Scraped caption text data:
☆ ☆ ☆

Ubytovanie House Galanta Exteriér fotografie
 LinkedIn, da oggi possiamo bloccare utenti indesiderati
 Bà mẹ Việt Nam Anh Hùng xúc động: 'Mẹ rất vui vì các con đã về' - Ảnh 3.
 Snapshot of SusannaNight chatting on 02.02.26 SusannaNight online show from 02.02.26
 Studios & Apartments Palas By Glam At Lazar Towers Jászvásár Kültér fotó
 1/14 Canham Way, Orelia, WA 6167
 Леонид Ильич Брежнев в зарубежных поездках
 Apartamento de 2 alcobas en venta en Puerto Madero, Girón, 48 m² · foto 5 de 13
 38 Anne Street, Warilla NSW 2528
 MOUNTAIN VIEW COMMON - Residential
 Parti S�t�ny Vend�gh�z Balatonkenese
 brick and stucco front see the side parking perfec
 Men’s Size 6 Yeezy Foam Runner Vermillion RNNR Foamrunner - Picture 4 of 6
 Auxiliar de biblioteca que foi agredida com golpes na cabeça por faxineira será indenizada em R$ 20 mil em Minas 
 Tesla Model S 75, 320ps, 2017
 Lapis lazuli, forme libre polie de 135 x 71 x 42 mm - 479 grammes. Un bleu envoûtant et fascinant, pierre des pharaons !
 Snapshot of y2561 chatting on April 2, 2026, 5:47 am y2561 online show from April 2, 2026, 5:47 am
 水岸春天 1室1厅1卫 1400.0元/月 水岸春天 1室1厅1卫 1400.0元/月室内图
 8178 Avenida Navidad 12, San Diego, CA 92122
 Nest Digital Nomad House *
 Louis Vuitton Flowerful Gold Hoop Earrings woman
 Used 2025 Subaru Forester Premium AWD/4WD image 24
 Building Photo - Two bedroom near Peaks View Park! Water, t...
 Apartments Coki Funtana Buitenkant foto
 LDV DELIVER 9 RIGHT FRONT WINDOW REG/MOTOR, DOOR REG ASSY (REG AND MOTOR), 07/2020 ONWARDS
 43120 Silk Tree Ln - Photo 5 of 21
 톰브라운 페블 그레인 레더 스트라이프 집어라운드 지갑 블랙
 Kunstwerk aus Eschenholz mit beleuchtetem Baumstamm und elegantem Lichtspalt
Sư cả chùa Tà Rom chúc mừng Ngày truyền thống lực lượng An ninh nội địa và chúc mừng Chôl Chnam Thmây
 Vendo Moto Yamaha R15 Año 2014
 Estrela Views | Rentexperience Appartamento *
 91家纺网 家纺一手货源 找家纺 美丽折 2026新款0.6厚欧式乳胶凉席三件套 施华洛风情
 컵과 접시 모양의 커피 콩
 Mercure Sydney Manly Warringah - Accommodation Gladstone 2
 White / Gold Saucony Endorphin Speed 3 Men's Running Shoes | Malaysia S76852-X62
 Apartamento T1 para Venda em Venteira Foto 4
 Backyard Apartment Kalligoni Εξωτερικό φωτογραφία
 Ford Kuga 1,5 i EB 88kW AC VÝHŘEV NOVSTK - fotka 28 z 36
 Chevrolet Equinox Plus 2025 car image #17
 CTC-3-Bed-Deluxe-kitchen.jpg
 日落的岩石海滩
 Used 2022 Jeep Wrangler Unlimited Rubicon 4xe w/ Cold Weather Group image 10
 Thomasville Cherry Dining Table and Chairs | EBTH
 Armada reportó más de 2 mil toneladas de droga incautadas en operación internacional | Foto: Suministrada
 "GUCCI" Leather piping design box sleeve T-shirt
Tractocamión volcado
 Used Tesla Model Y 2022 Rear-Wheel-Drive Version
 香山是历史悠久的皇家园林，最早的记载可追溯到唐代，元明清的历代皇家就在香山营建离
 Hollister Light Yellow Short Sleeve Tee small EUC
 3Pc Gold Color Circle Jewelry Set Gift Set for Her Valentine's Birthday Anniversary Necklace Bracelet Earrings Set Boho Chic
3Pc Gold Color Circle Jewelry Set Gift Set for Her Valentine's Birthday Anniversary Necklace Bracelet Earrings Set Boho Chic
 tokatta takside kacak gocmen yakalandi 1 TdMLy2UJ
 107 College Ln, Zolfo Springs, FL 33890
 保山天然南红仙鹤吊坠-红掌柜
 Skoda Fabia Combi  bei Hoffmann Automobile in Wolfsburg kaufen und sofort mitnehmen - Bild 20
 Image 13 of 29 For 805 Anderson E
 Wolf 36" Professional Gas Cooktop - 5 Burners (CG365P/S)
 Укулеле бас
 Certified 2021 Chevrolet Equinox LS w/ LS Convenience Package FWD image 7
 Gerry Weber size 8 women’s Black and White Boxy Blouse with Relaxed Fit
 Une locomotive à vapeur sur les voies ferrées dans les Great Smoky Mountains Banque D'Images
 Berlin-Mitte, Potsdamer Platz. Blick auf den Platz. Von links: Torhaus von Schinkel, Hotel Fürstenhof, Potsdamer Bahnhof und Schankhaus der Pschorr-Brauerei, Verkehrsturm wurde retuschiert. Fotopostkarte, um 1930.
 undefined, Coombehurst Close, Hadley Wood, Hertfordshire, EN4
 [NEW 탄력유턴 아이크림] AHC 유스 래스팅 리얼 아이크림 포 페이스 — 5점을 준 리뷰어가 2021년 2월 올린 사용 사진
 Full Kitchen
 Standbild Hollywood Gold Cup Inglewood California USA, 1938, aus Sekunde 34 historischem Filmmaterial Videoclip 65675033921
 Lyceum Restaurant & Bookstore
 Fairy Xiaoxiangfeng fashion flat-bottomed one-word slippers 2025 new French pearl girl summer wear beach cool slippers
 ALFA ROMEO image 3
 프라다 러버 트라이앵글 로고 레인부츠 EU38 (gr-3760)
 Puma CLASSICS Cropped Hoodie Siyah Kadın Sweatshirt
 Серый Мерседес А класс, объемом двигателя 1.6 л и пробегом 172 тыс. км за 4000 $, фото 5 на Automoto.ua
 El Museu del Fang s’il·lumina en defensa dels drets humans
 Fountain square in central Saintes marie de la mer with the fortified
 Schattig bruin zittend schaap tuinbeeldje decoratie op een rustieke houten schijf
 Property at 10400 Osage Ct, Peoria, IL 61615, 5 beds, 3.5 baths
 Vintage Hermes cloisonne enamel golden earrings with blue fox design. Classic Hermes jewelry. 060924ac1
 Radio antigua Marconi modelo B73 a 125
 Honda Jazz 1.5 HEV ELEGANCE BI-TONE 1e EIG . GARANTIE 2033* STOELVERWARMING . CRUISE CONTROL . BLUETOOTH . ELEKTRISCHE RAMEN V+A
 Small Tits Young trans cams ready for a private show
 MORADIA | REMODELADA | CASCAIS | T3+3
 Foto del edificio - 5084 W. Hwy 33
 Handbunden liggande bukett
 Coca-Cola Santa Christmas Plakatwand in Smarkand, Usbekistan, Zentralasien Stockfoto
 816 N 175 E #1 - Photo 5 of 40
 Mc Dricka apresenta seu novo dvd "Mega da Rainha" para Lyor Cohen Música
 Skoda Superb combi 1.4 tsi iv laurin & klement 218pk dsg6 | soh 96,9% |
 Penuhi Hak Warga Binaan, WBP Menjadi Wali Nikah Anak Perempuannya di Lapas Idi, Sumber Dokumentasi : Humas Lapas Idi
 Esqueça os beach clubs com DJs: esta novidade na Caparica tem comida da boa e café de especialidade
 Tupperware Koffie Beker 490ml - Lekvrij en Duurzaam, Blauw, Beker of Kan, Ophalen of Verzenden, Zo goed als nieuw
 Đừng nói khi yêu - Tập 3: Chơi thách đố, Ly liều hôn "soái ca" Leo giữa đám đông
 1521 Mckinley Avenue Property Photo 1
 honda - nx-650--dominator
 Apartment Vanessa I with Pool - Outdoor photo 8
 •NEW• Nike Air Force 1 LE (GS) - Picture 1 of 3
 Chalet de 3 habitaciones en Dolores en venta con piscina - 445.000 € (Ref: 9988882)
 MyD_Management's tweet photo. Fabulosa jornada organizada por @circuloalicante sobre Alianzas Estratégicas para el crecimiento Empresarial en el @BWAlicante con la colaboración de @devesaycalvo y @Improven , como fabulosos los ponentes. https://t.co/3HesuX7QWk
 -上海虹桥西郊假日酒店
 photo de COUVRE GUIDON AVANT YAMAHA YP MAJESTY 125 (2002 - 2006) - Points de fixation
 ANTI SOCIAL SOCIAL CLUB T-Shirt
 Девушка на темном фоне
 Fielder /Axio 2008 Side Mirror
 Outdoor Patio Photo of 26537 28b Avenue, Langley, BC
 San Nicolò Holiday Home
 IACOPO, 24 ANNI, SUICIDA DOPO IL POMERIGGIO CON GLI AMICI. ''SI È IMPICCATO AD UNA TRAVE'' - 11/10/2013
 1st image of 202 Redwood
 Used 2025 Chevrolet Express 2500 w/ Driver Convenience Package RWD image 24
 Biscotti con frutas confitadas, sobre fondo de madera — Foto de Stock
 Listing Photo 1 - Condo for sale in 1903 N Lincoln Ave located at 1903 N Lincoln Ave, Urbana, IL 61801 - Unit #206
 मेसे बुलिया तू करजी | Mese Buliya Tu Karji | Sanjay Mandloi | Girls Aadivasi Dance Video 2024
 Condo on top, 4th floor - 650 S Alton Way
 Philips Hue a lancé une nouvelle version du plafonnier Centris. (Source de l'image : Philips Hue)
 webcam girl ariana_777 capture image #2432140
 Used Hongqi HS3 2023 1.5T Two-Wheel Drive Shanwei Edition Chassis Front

☆ ☆ ☆

Take the lines from the start of the records through the line holding "Louis Vuitton Flowerful", both included, and please print them exactly, with nothing else.

Ubytovanie House Galanta Exteriér fotografie
 LinkedIn, da oggi possiamo bloccare utenti indesiderati
 Bà mẹ Việt Nam Anh Hùng xúc động: 'Mẹ rất vui vì các con đã về' - Ảnh 3.
 Snapshot of SusannaNight chatting on 02.02.26 SusannaNight online show from 02.02.26
 Studios & Apartments Palas By Glam At Lazar Towers Jászvásár Kültér fotó
 1/14 Canham Way, Orelia, WA 6167
 Леонид Ильич Брежнев в зарубежных поездках
 Apartamento de 2 alcobas en venta en Puerto Madero, Girón, 48 m² · foto 5 de 13
 38 Anne Street, Warilla NSW 2528
 MOUNTAIN VIEW COMMON - Residential
 Parti S�t�ny Vend�gh�z Balatonkenese
 brick and stucco front see the side parking perfec
 Men’s Size 6 Yeezy Foam Runner Vermillion RNNR Foamrunner - Picture 4 of 6
 Auxiliar de biblioteca que foi agredida com golpes na cabeça por faxineira será indenizada em R$ 20 mil em Minas 
 Tesla Model S 75, 320ps, 2017
 Lapis lazuli, forme libre polie de 135 x 71 x 42 mm - 479 grammes. Un bleu envoûtant et fascinant, pierre des pharaons !
 Snapshot of y2561 chatting on April 2, 2026, 5:47 am y2561 online show from April 2, 2026, 5:47 am
 水岸春天 1室1厅1卫 1400.0元/月 水岸春天 1室1厅1卫 1400.0元/月室内图
 8178 Avenida Navidad 12, San Diego, CA 92122
 Nest Digital Nomad House *
 Louis Vuitton Flowerful Gold Hoop Earrings woman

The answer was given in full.